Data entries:
=-=-=

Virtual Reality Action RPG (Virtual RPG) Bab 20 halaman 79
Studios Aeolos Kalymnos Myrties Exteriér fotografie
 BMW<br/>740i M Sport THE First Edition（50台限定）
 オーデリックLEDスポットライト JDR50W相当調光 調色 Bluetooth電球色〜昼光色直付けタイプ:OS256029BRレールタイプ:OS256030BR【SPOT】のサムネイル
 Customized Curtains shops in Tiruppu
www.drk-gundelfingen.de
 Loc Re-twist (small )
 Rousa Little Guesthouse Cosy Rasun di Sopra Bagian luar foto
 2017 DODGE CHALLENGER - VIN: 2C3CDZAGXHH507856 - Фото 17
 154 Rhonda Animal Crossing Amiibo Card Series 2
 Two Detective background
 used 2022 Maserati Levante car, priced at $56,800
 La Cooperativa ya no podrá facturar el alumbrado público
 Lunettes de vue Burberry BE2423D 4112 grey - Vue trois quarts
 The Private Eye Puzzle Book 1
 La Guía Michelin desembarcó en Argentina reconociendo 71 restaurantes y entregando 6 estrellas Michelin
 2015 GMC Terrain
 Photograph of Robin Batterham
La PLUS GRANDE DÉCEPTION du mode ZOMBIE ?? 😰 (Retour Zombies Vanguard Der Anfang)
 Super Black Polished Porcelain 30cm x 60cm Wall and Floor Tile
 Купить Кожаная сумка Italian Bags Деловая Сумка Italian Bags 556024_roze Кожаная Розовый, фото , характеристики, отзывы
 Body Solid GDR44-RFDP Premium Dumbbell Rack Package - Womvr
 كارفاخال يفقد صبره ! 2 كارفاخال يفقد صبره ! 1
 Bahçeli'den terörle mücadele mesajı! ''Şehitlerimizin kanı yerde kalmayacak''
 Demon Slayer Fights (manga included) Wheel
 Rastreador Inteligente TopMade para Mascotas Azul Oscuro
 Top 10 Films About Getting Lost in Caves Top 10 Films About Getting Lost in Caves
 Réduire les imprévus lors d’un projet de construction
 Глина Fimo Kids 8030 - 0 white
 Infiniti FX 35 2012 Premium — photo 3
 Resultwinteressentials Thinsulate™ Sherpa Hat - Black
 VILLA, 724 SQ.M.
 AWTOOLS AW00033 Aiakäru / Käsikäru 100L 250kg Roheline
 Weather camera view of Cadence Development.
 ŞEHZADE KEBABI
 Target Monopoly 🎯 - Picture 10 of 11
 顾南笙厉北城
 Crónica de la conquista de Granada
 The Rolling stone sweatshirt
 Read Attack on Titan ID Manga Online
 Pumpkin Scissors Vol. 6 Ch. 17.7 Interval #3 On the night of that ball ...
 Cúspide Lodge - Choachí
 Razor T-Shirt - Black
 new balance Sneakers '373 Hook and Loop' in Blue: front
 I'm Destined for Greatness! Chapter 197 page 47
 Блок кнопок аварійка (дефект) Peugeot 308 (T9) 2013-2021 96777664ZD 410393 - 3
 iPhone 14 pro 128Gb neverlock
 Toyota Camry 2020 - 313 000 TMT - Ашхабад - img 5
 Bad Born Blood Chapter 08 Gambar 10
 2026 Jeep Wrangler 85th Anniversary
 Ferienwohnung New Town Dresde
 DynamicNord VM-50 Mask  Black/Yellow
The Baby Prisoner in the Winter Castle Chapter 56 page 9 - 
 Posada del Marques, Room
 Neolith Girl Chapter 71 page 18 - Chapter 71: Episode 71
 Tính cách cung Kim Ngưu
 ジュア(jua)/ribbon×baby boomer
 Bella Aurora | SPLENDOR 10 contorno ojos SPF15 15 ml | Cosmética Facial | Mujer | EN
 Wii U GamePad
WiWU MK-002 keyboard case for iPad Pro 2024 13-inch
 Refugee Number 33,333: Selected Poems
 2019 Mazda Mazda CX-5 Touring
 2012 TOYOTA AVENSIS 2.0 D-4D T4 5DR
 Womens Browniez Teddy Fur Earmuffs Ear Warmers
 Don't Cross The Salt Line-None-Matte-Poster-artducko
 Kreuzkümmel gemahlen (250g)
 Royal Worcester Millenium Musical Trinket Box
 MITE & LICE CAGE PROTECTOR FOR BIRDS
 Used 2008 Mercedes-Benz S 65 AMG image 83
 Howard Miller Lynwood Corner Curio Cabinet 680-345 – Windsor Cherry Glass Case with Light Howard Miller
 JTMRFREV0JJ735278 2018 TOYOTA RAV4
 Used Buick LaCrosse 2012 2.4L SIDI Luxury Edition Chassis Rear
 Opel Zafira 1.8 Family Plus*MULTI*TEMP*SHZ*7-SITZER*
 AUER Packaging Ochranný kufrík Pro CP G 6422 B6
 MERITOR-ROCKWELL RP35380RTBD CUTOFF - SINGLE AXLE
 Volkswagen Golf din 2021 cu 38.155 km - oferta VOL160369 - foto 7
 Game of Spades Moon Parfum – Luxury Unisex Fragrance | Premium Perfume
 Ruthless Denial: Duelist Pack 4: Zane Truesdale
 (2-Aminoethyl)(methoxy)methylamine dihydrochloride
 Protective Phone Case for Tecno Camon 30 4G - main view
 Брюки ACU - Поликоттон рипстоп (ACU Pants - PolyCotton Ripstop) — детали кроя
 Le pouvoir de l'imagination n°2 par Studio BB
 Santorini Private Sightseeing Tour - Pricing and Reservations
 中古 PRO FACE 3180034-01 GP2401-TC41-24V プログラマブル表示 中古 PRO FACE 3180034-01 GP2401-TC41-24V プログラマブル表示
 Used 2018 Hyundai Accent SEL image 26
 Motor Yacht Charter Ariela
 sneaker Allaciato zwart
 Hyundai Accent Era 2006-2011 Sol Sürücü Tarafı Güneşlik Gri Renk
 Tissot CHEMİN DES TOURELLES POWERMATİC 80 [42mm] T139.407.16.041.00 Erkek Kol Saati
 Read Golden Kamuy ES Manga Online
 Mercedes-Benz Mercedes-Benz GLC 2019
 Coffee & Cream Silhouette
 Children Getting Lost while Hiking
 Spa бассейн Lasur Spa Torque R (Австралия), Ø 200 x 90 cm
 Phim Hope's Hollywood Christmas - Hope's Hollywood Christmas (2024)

=-=-=

Exact reproduction is required. Give the lines of the data from its first line through the line containing "Super Black Polished", and no others.

WRITTEN SOLUTION:
Virtual Reality Action RPG (Virtual RPG) Bab 20 halaman 79
Studios Aeolos Kalymnos Myrties Exteriér fotografie
 BMW<br/>740i M Sport THE First Edition（50台限定）
 オーデリックLEDスポットライト JDR50W相当調光 調色 Bluetooth電球色〜昼光色直付けタイプ:OS256029BRレールタイプ:OS256030BR【SPOT】のサムネイル
 Customized Curtains shops in Tiruppu
www.drk-gundelfingen.de
 Loc Re-twist (small )
 Rousa Little Guesthouse Cosy Rasun di Sopra Bagian luar foto
 2017 DODGE CHALLENGER - VIN: 2C3CDZAGXHH507856 - Фото 17
 154 Rhonda Animal Crossing Amiibo Card Series 2
 Two Detective background
 used 2022 Maserati Levante car, priced at $56,800
 La Cooperativa ya no podrá facturar el alumbrado público
 Lunettes de vue Burberry BE2423D 4112 grey - Vue trois quarts
 The Private Eye Puzzle Book 1
 La Guía Michelin desembarcó en Argentina reconociendo 71 restaurantes y entregando 6 estrellas Michelin
 2015 GMC Terrain
 Photograph of Robin Batterham
La PLUS GRANDE DÉCEPTION du mode ZOMBIE ?? 😰 (Retour Zombies Vanguard Der Anfang)
 Super Black Polished Porcelain 30cm x 60cm Wall and Floor Tile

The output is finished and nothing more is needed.